Why do conversational, long-tail queries do better in answer engines than short keywords?
Longer, natural-language questions carry more intent, and intent is exactly what an answer engine needs to resolve a precise answer. A short keyword like "CRM" could mean a dozen things, so the engine cannot synthesize one response. A full question like "what is the best CRM for a 10-person B2B sales team" gives the engine enough constraints to commit to a confident, specific answer.
Should I stop optimizing for navigational and broad keyword queries?

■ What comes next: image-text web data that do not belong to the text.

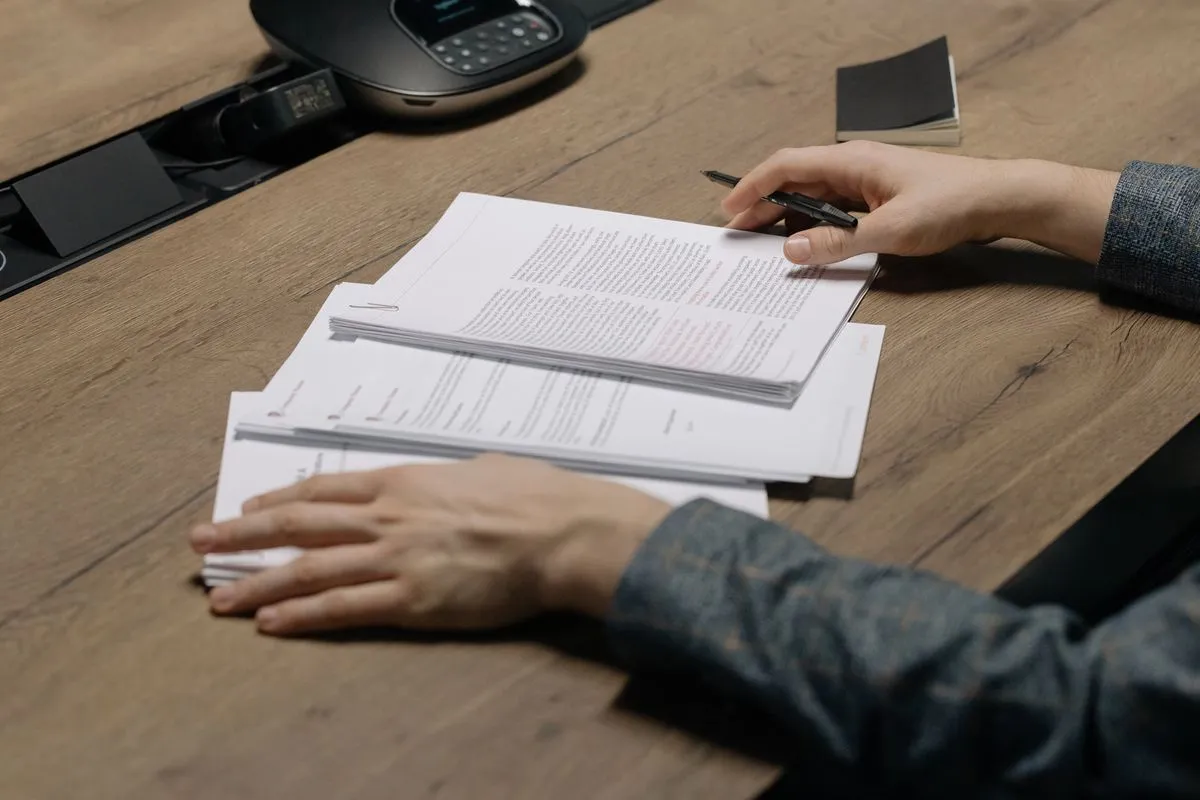 Hands over a stack of stapled printed pages, pen ready, wooden table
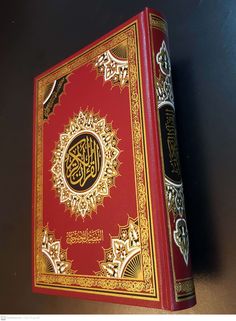 the book is red and gold with arabic writing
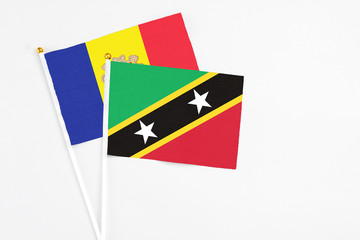 Saint Kitts And Nevis and Andorra stick flags on white background. High quality fabric, miniature national flag. Peaceful global concept.White floor for copy space.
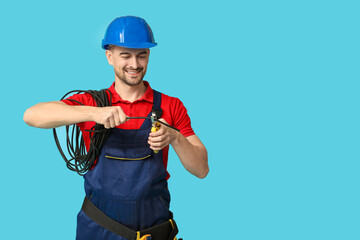 Portrait of male electrician with pliers and wires on blue background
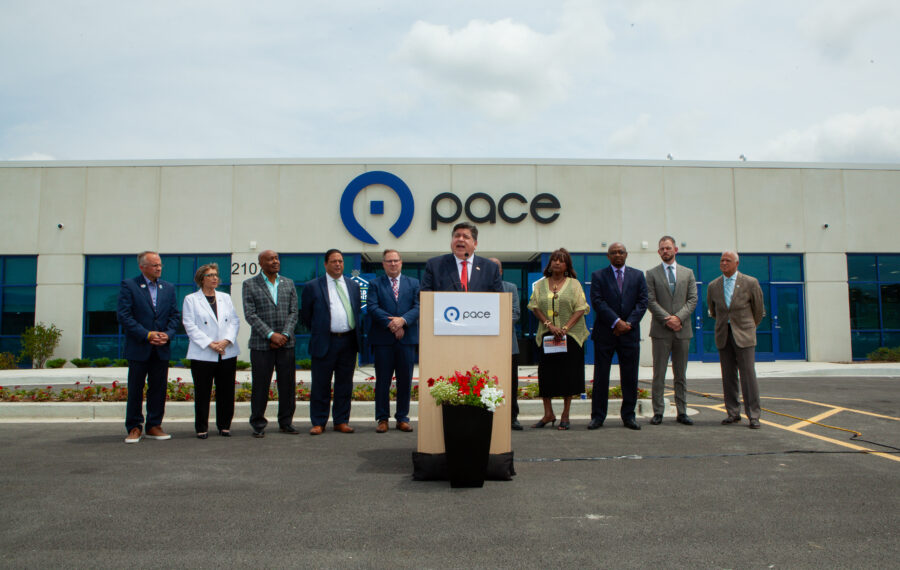 Man at podium gives speech in a parking lot surrounded by people in suits.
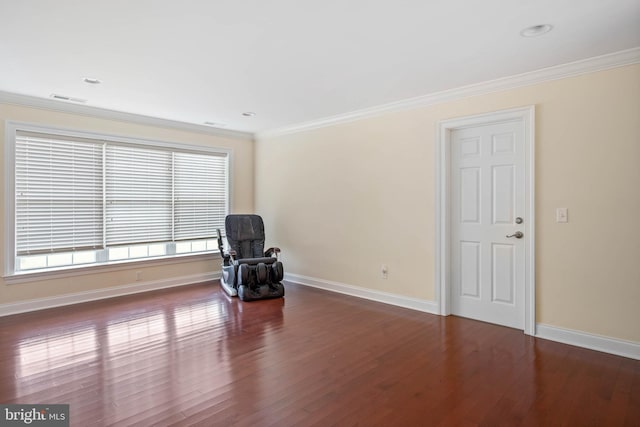 unfurnished room with ornamental molding and dark hardwood / wood-style floors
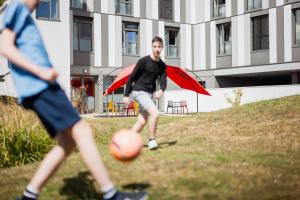 Zwei Männer spielen mit einem Ball auf einem Feld mit Sonnenschirmen in der Unterkunft Premiere Classe Le Havre Centre-LES DOCKS in Le Havre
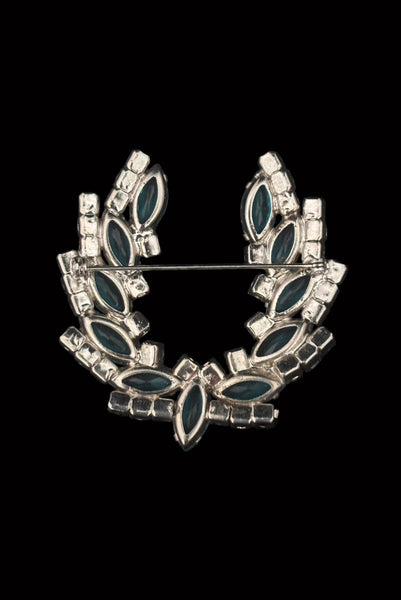 Vertical back view 1950s vintage iridescent blue round  and aqua marquise rhinestone and silver tone metal horseshoe brooch.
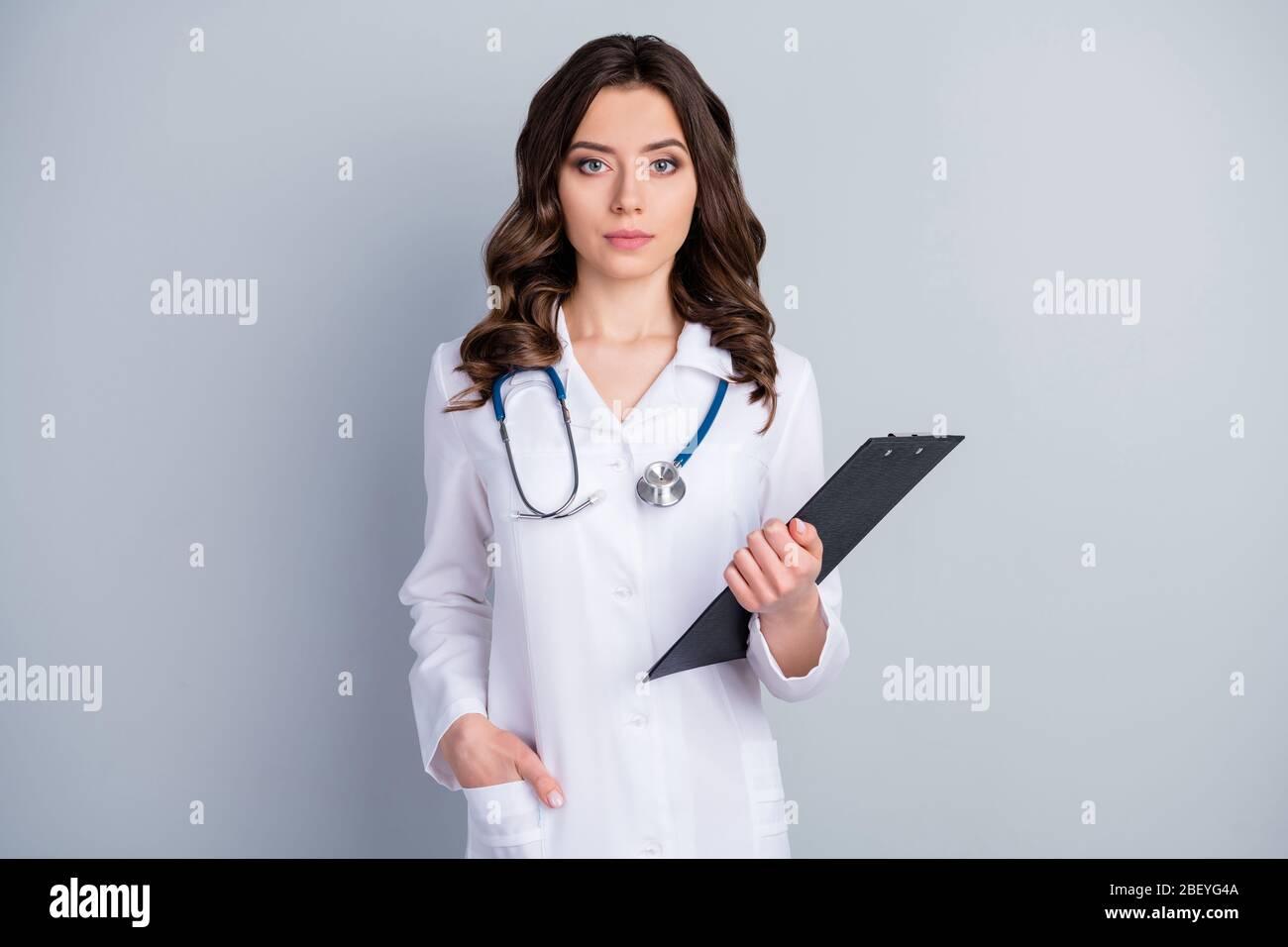 Photo of beautiful professional doc practitioner intern lady hold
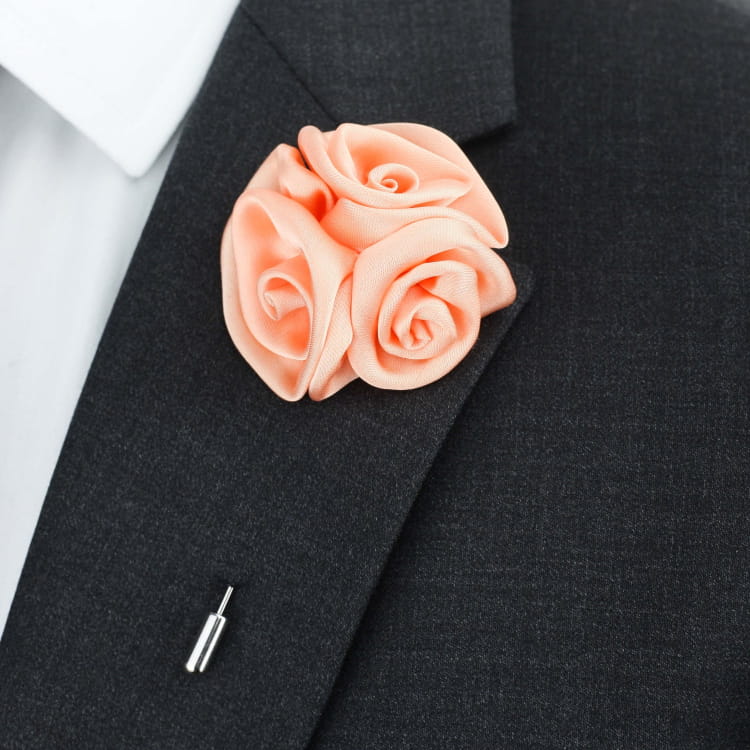 Pink rose brooch on a black suit jacket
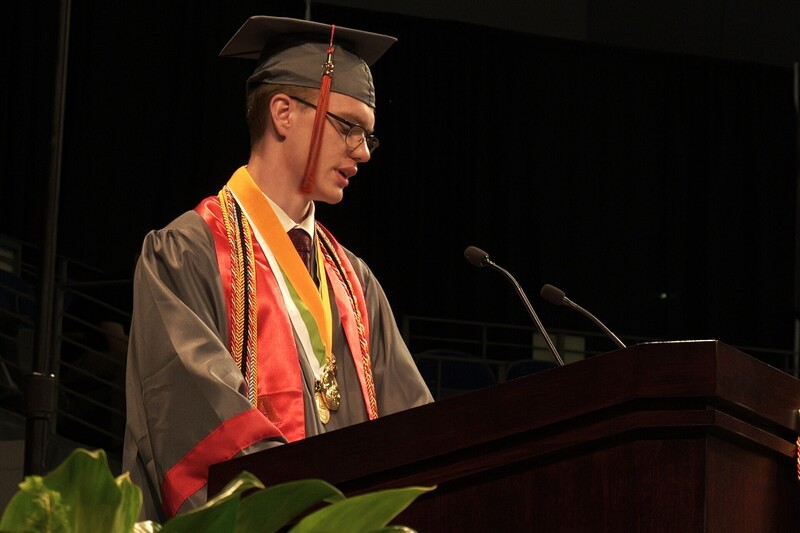 Valedictorian Elias Ezekial James speaking at the podium.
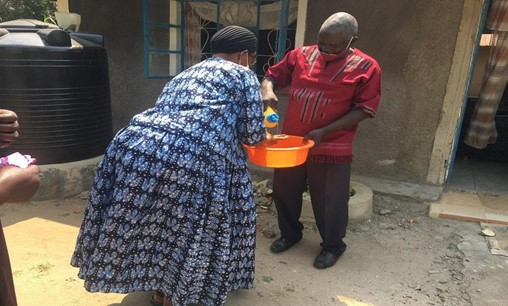 Washing a church members hands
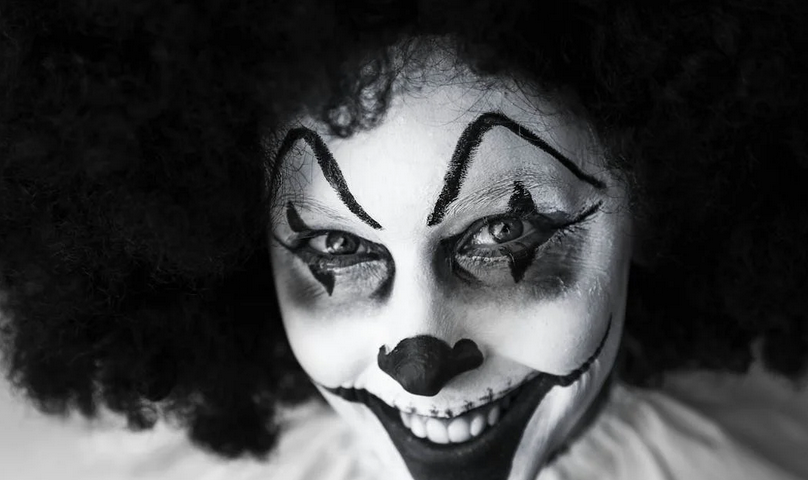 man-in-clown-costume — black and white picture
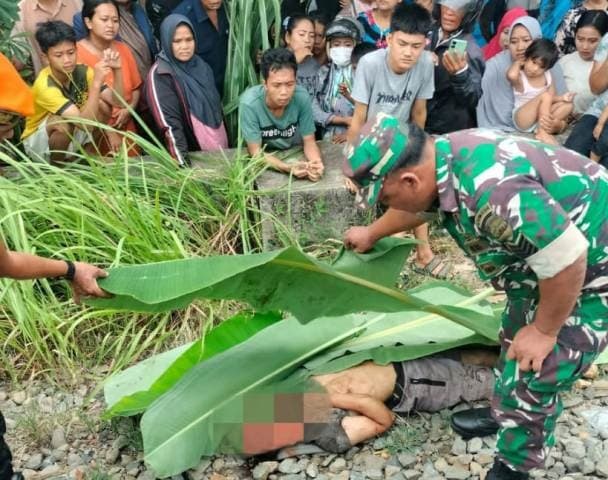 asal_menyeberang_pria_berkaos_hitam_tewas_terseret_kereta_api_di_lubuk_pakam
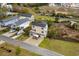 Aerial view of a home showcasing its landscaped yard and spacious driveway at 4387 Landing Rd., Little River, SC 29566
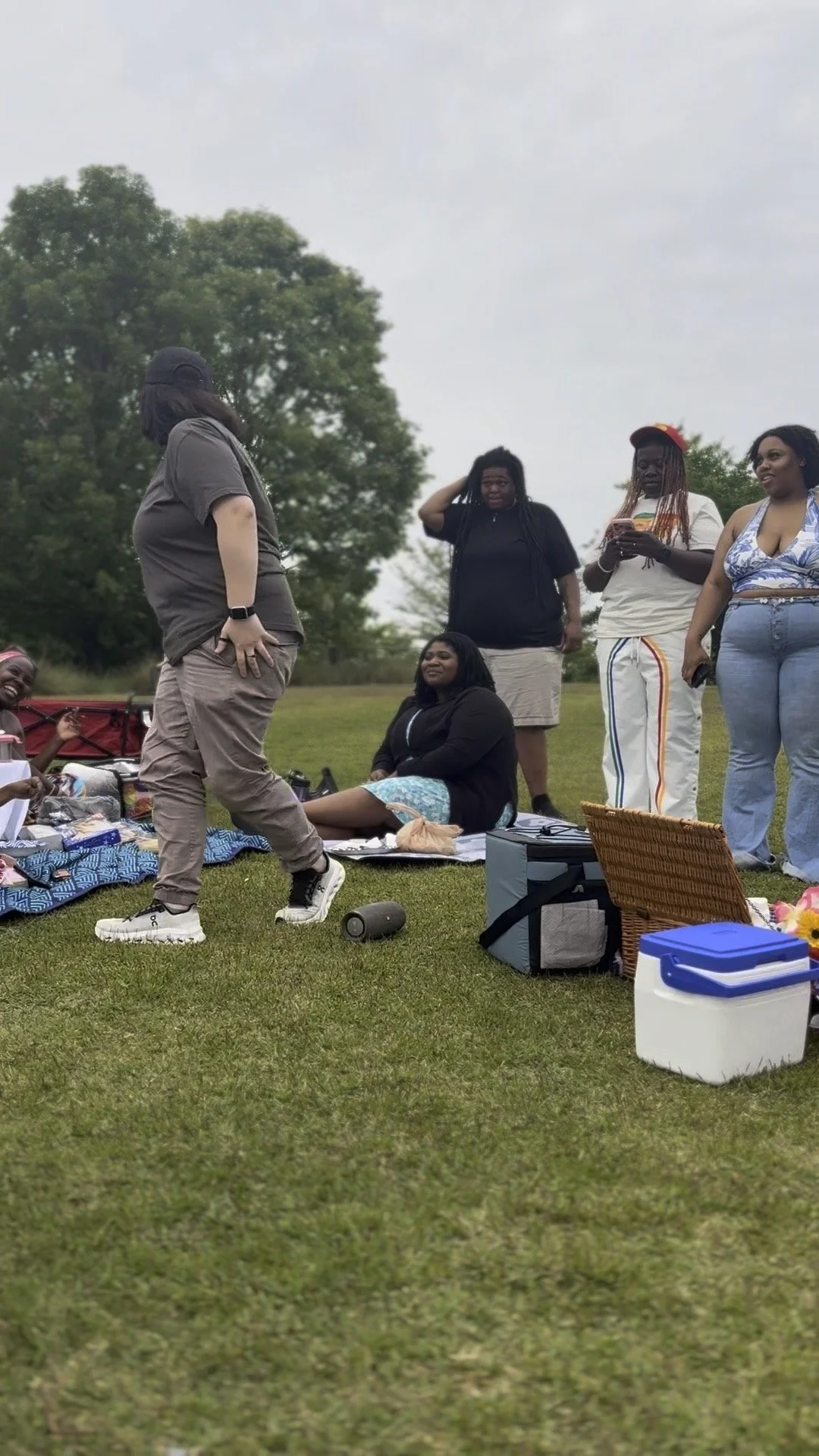 A group of women having a picnic outdoors on a grassy field with trees in the background. One woman is standing and speaking, while others are sitting or standing, some smiling and others looking at their phones.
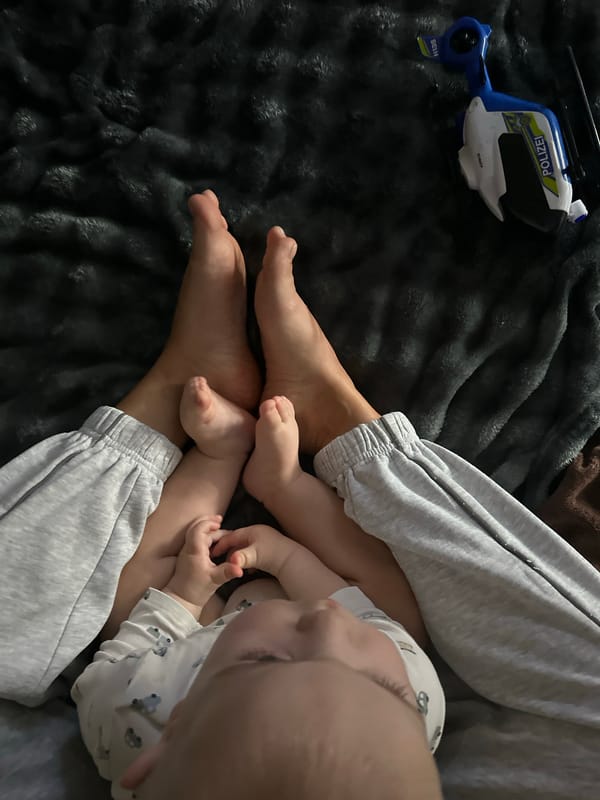 Adult and baby play indoors in Fredenbeck
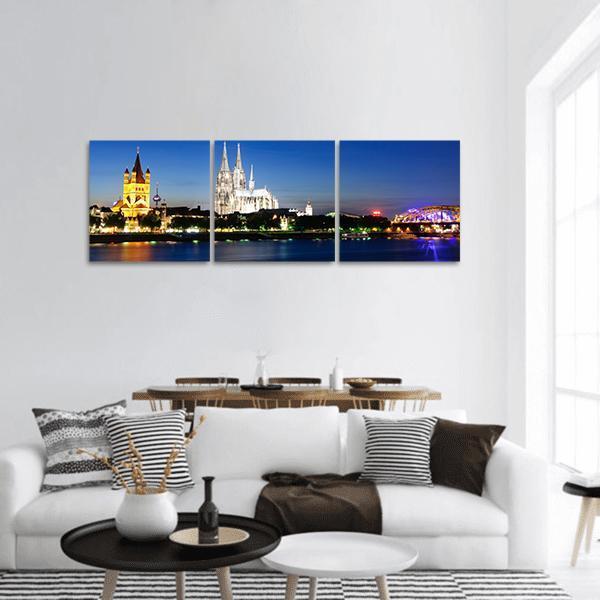 Cologne City at Night Panoramic Canvas Wall Art in black, yellow and blue, hung on a wall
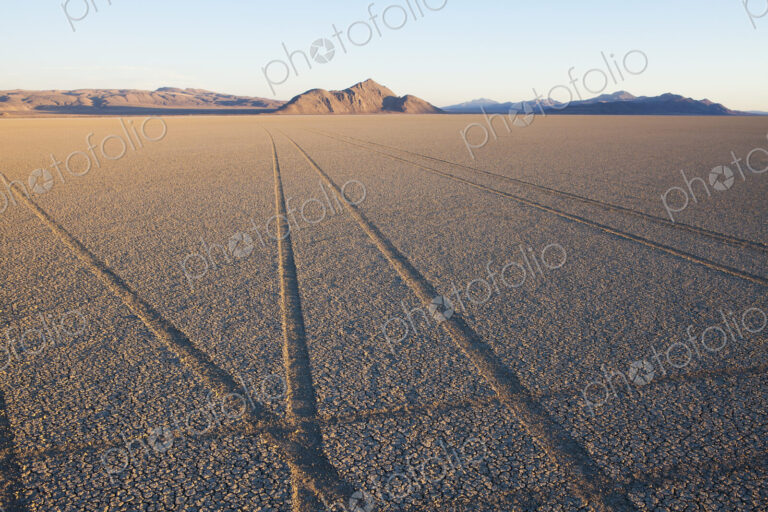Tyre marks and tracks in the playa salt pan surface of Black Rock Desert, Nevada.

No, but you should optimize them differently. Navigational queries (someone looking for your login or pricing page) and broad single-keyword queries still belong to traditional search because they do not resolve into a synthesized answer. Win those with strong owned pages and conventional SEO, and reserve your answer-engine effort for the resolvable, intent-rich questions where synthesis actually happens.
How do I find the exact questions answer engines treat as answerable?
Combine five sources: question-shaped keyword research, People Also Ask and related questions, your own customer questions from sales and support, community and forum threads, and direct AI prompt mining. People Also Ask boxes and AI prompt mining are especially useful because they show you queries engines have already decided are answerable, along with how they phrase the question and which sources they cite.
Which query type should I prioritize if I only have time for one?
Commercial-investigation and comparison queries, such as "best X for Y" and "X vs Y". They carry the highest buying intent, and answer engines must cite external sources to resolve them because they cannot fairly judge a recommendation from general knowledge alone. That combination means a citation here reaches buyers at the exact moment of decision, which is where AEO drives the most revenue.